Even if VB considerations offend your C++ sensibilities, VB is a strong driving architectural force in COM. Late binding and many other COM technologies are entirely based on the VB model. In fact, it's fair to say that a large degree of the complexity in COM/DCOM results from the need to support Visual Basic. Since the VB development environment does not support threading, explicit memory allocation, pointers, or networking issues, the COM architecture has to pick up the ball.

If you examine the above code and ignore all but the most obvious function parameters, it should be pretty straightforward. One addition you'll notice is the IDispatch member function GetIDsOfNames. Unlike the code in the ILateBinding pseudo-example, IDispatch does not let you invoke a method by string name in a single step. The Invoke function takes a dispid as its first argument (DISPID is simply a long,) so you really invoke a remote method by number, not by name. This is all GetIDsOfNames does. It allows you to send an array of method names as strings, and get back their specific DISPID for use in the Invoke function.

Now that you understand the basic structure of late binding and IDispatch, it should be easy to imagine a C++ wrapper class to grow and shrink the VARIANTARG structure dynamically and handle all the IDispatch methods in a more encapsulated way.

Building an Early Binding Client

I find it useful to think of COM as nothing more than a mapping of C++ classes to RPC calls (Remote Procedure Calls). While this is a major oversimplification, it represents the functionality at the heart of COM. When you call a method on a COM Class in a client application, that method call is really being passed to the RPC layer, which "remotes" the method invocation to the real object, which may be on another machine. If you think of it this way, you can imagine the programmatic steps necessary to create a more robust, easy to use, and higher performance means of remote method invocation.

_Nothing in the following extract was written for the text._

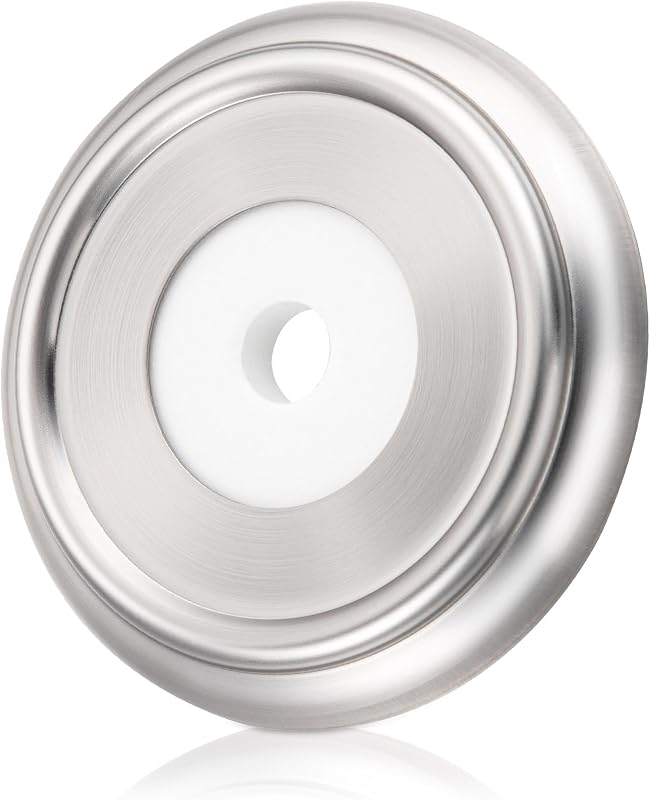 Enhon Metal Tub Spout Cover Ring with Foam Gasket, Brushed Nickel | Bathroom Faucet Remodeling Wall Plate, Tub Spout Cover Ring, Trim Plate For Tub Spout, 1-1/2 Inch Id And 3-5/8 Inch Od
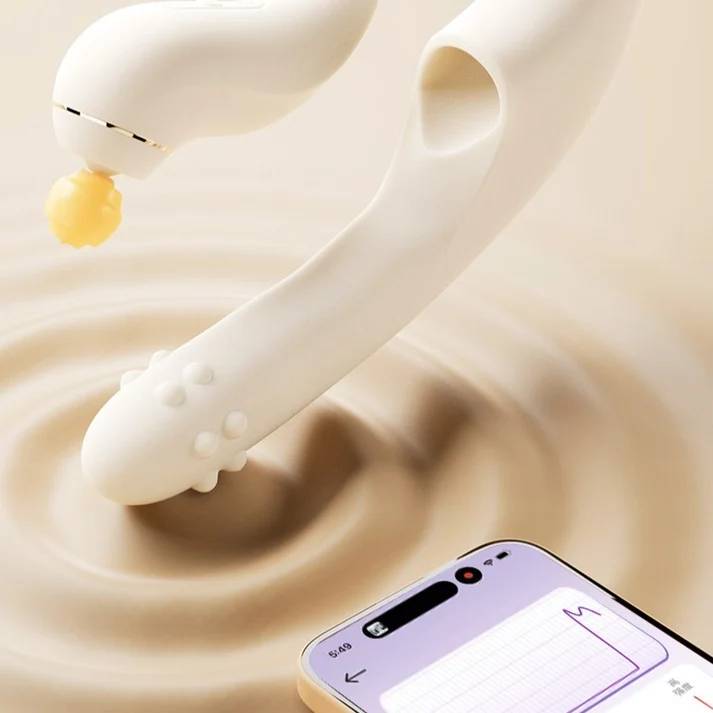 Dương vật giả Svakom Fatima Plus bi xoay massage điều khiển qua app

I'm now going to show how to implement this more direct means of invocation as an alternative to the late-binding IDispatch interface. This new method is called a "custom" interface. It will provide a one-to-one mapping of C++ class methods to RPC calls. By definition, a custom interface is incapable of performing late-binding, but the upside is that it will allow use of any C datatype, customized structure, or ADT that we like.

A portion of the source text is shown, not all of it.